WHAT YOU ARE ASKED TO DO: Your answer must be an exact copy of all the entries.

-- MATERIAL PROVIDED follows --

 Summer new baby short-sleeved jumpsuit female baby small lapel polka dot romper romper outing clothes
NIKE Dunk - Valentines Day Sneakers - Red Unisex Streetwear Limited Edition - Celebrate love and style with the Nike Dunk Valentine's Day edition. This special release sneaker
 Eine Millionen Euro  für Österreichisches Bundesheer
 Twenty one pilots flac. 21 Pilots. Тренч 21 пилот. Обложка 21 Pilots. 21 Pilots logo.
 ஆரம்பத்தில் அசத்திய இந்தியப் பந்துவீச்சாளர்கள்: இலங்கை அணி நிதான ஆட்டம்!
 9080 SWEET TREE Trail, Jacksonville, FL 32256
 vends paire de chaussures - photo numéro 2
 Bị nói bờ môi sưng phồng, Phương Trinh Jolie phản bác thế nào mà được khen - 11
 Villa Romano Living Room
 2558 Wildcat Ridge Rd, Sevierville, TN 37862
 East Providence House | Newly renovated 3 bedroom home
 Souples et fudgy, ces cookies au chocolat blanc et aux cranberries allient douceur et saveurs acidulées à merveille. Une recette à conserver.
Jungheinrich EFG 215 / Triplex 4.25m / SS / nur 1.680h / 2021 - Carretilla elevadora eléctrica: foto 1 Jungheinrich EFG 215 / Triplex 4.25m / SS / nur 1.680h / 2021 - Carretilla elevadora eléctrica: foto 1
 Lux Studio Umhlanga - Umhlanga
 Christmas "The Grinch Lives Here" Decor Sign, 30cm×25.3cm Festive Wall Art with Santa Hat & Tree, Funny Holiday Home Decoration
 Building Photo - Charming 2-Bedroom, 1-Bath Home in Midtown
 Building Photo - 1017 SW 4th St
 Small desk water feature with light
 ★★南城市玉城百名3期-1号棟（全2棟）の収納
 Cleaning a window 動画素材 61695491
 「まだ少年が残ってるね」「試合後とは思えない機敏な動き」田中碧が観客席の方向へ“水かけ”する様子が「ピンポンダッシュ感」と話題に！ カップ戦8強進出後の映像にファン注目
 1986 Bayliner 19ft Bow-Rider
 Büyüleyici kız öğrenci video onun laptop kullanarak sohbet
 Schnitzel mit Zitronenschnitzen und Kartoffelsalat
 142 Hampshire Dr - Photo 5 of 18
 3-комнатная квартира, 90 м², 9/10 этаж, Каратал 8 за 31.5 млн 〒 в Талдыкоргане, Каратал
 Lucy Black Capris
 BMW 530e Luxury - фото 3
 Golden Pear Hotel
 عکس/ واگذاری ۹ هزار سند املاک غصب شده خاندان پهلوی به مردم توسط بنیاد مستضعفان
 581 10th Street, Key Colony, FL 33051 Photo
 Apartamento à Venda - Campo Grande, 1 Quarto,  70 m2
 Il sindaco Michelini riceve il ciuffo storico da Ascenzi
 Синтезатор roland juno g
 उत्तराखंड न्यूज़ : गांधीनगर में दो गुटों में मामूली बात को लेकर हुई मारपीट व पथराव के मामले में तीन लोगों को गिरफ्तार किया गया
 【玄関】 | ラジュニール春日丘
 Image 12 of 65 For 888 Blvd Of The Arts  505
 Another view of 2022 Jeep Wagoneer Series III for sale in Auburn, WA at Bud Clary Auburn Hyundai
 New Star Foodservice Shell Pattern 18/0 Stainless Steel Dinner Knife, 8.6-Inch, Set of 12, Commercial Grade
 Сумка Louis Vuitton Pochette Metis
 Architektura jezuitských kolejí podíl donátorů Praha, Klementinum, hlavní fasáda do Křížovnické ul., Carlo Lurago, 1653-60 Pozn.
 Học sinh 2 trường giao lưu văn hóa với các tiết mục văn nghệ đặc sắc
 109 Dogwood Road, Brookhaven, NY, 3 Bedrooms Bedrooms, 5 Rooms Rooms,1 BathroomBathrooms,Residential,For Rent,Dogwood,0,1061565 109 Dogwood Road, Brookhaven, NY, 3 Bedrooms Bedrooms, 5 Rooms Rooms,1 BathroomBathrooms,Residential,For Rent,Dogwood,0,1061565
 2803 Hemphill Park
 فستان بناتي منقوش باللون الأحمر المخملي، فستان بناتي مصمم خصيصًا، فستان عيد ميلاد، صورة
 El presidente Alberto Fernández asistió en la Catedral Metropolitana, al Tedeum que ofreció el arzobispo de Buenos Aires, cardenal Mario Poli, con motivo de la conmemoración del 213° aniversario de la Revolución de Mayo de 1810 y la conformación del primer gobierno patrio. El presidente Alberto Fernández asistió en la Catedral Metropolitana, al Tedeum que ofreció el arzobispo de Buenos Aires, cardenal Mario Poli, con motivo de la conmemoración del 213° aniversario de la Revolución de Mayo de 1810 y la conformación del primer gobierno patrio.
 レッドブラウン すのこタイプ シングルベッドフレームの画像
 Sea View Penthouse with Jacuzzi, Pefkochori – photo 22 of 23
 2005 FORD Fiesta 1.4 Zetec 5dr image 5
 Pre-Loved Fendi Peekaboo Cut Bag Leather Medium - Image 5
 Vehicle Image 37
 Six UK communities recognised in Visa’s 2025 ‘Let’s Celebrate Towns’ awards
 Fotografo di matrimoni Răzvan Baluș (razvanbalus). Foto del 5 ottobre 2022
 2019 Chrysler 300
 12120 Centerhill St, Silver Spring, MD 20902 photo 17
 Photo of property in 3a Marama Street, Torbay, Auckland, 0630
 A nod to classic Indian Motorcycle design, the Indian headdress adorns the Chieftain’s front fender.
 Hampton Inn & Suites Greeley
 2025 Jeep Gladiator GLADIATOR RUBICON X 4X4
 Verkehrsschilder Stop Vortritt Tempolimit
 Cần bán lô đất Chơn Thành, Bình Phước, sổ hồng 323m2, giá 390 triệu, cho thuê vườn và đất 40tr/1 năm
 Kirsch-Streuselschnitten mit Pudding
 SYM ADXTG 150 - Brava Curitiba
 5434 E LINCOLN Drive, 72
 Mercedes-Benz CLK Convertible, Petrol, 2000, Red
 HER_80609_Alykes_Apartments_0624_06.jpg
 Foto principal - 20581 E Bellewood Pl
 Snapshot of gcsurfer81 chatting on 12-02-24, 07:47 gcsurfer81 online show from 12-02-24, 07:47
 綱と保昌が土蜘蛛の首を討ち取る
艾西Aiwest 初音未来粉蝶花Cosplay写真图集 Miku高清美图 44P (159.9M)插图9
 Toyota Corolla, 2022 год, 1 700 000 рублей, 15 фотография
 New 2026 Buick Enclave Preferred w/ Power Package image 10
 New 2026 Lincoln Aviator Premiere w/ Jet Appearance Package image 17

-- MATERIAL PROVIDED concluded --

TASK ANSWER:
 Summer new baby short-sleeved jumpsuit female baby small lapel polka dot romper romper outing clothes
NIKE Dunk - Valentines Day Sneakers - Red Unisex Streetwear Limited Edition - Celebrate love and style with the Nike Dunk Valentine's Day edition. This special release sneaker
 Eine Millionen Euro  für Österreichisches Bundesheer
 Twenty one pilots flac. 21 Pilots. Тренч 21 пилот. Обложка 21 Pilots. 21 Pilots logo.
 ஆரம்பத்தில் அசத்திய இந்தியப் பந்துவீச்சாளர்கள்: இலங்கை அணி நிதான ஆட்டம்!
 9080 SWEET TREE Trail, Jacksonville, FL 32256
 vends paire de chaussures - photo numéro 2
 Bị nói bờ môi sưng phồng, Phương Trinh Jolie phản bác thế nào mà được khen - 11
 Villa Romano Living Room
 2558 Wildcat Ridge Rd, Sevierville, TN 37862
 East Providence House | Newly renovated 3 bedroom home
 Souples et fudgy, ces cookies au chocolat blanc et aux cranberries allient douceur et saveurs acidulées à merveille. Une recette à conserver.
Jungheinrich EFG 215 / Triplex 4.25m / SS / nur 1.680h / 2021 - Carretilla elevadora eléctrica: foto 1 Jungheinrich EFG 215 / Triplex 4.25m / SS / nur 1.680h / 2021 - Carretilla elevadora eléctrica: foto 1
 Lux Studio Umhlanga - Umhlanga
 Christmas "The Grinch Lives Here" Decor Sign, 30cm×25.3cm Festive Wall Art with Santa Hat & Tree, Funny Holiday Home Decoration
 Building Photo - Charming 2-Bedroom, 1-Bath Home in Midtown
 Building Photo - 1017 SW 4th St
 Small desk water feature with light
 ★★南城市玉城百名3期-1号棟（全2棟）の収納
 Cleaning a window 動画素材 61695491
 「まだ少年が残ってるね」「試合後とは思えない機敏な動き」田中碧が観客席の方向へ“水かけ”する様子が「ピンポンダッシュ感」と話題に！ カップ戦8強進出後の映像にファン注目
 1986 Bayliner 19ft Bow-Rider
 Büyüleyici kız öğrenci video onun laptop kullanarak sohbet
 Schnitzel mit Zitronenschnitzen und Kartoffelsalat
 142 Hampshire Dr - Photo 5 of 18
 3-комнатная квартира, 90 м², 9/10 этаж, Каратал 8 за 31.5 млн 〒 в Талдыкоргане, Каратал
 Lucy Black Capris
 BMW 530e Luxury - фото 3
 Golden Pear Hotel
 عکس/ واگذاری ۹ هزار سند املاک غصب شده خاندان پهلوی به مردم توسط بنیاد مستضعفان
 581 10th Street, Key Colony, FL 33051 Photo
 Apartamento à Venda - Campo Grande, 1 Quarto,  70 m2
 Il sindaco Michelini riceve il ciuffo storico da Ascenzi
 Синтезатор roland juno g
 उत्तराखंड न्यूज़ : गांधीनगर में दो गुटों में मामूली बात को लेकर हुई मारपीट व पथराव के मामले में तीन लोगों को गिरफ्तार किया गया
 【玄関】 | ラジュニール春日丘
 Image 12 of 65 For 888 Blvd Of The Arts  505
 Another view of 2022 Jeep Wagoneer Series III for sale in Auburn, WA at Bud Clary Auburn Hyundai
 New Star Foodservice Shell Pattern 18/0 Stainless Steel Dinner Knife, 8.6-Inch, Set of 12, Commercial Grade
 Сумка Louis Vuitton Pochette Metis
 Architektura jezuitských kolejí podíl donátorů Praha, Klementinum, hlavní fasáda do Křížovnické ul., Carlo Lurago, 1653-60 Pozn.
 Học sinh 2 trường giao lưu văn hóa với các tiết mục văn nghệ đặc sắc
 109 Dogwood Road, Brookhaven, NY, 3 Bedrooms Bedrooms, 5 Rooms Rooms,1 BathroomBathrooms,Residential,For Rent,Dogwood,0,1061565 109 Dogwood Road, Brookhaven, NY, 3 Bedrooms Bedrooms, 5 Rooms Rooms,1 BathroomBathrooms,Residential,For Rent,Dogwood,0,1061565
 2803 Hemphill Park
 فستان بناتي منقوش باللون الأحمر المخملي، فستان بناتي مصمم خصيصًا، فستان عيد ميلاد، صورة
 El presidente Alberto Fernández asistió en la Catedral Metropolitana, al Tedeum que ofreció el arzobispo de Buenos Aires, cardenal Mario Poli, con motivo de la conmemoración del 213° aniversario de la Revolución de Mayo de 1810 y la conformación del primer gobierno patrio. El presidente Alberto Fernández asistió en la Catedral Metropolitana, al Tedeum que ofreció el arzobispo de Buenos Aires, cardenal Mario Poli, con motivo de la conmemoración del 213° aniversario de la Revolución de Mayo de 1810 y la conformación del primer gobierno patrio.
 レッドブラウン すのこタイプ シングルベッドフレームの画像
 Sea View Penthouse with Jacuzzi, Pefkochori – photo 22 of 23
 2005 FORD Fiesta 1.4 Zetec 5dr image 5
 Pre-Loved Fendi Peekaboo Cut Bag Leather Medium - Image 5
 Vehicle Image 37
 Six UK communities recognised in Visa’s 2025 ‘Let’s Celebrate Towns’ awards
 Fotografo di matrimoni Răzvan Baluș (razvanbalus). Foto del 5 ottobre 2022
 2019 Chrysler 300
 12120 Centerhill St, Silver Spring, MD 20902 photo 17
 Photo of property in 3a Marama Street, Torbay, Auckland, 0630
 A nod to classic Indian Motorcycle design, the Indian headdress adorns the Chieftain’s front fender.
 Hampton Inn & Suites Greeley
 2025 Jeep Gladiator GLADIATOR RUBICON X 4X4
 Verkehrsschilder Stop Vortritt Tempolimit
 Cần bán lô đất Chơn Thành, Bình Phước, sổ hồng 323m2, giá 390 triệu, cho thuê vườn và đất 40tr/1 năm
 Kirsch-Streuselschnitten mit Pudding
 SYM ADXTG 150 - Brava Curitiba
 5434 E LINCOLN Drive, 72
 Mercedes-Benz CLK Convertible, Petrol, 2000, Red
 HER_80609_Alykes_Apartments_0624_06.jpg
 Foto principal - 20581 E Bellewood Pl
 Snapshot of gcsurfer81 chatting on 12-02-24, 07:47 gcsurfer81 online show from 12-02-24, 07:47
 綱と保昌が土蜘蛛の首を討ち取る
艾西Aiwest 初音未来粉蝶花Cosplay写真图集 Miku高清美图 44P (159.9M)插图9
 Toyota Corolla, 2022 год, 1 700 000 рублей, 15 фотография
 New 2026 Buick Enclave Preferred w/ Power Package image 10
 New 2026 Lincoln Aviator Premiere w/ Jet Appearance Package image 17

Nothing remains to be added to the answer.